Two arrested in killing of Brunswick toddler

Staff writer Rhonda Cook and The Associated Press contributed to this article.

Two teenagers were arrested on murder charges Friday in the shooting death of a Brunswick infant — a crime so callous it left residents of the coastal city and people across the nation aghast.

De’marquis Elkins, 17, and a 14-year-old juvenile whose name was withheld by police are accused of firing a series of gunshots that wounded Sherry West and killed her 13-month-old son Antonio Thursday. The mother and child were out for a morning walk in a quiet, historic part of town where the streets are lined with century-old homes.

The handgun used in the shooting has not been found. Brunswick police said they had not confirmed the mother’s account to several news reporters that it was a robbery attempt.

A spokesman for the police department said search warrants were being served at three locations Friday afternoon to gain additional information.
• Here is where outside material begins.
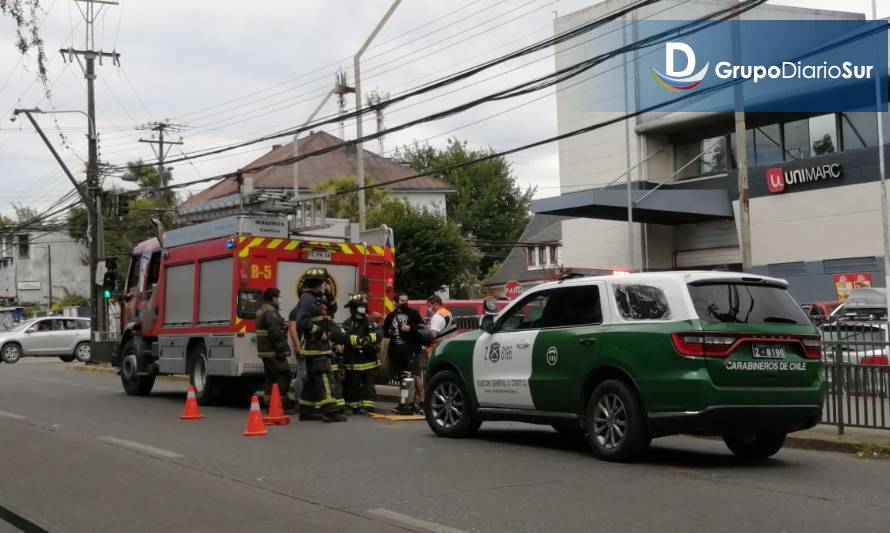 Incendio en supermercado Unimarc de Valdivia alertó a bomberos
“We just want the community to continue to bring in information, because this is still an ongoing investigation,” said Todd A. Rhodes, public information officer for the Brunswick police.

The mother, Sherry West, wept while she told The Associated Press about the encounter with the two teenagers.

“He asked me for money and I said I didn’t have it,” she said. “And he kept asking and I just said ‘I don’t have it.’ And he said, ‘Do you want me to kill your baby?’ And I said, ‘No, don’t kill my baby!’”

She said the older teen fired first into the ground. When she didn’t see a shell casing ejected, West said she assumed the gun wasn’t real.

Then he fired at her head and the bullet grazed her left ear — she had a small scab and bruising there. He fired again and shot her in the left leg above the knee. But, the mother said, “I didn’t know I was hurt.”

“The boy proceeded to go around to the stroller and he shot my baby in the face,” she said. “And then he just shoved me when I started screaming and he ran down London Street with the little boy.”

Sadly, West has lost a child to violence before. She told The Associated Press her 18-year-old son, Shaun Glassey, was killed in New Jersey in 2008.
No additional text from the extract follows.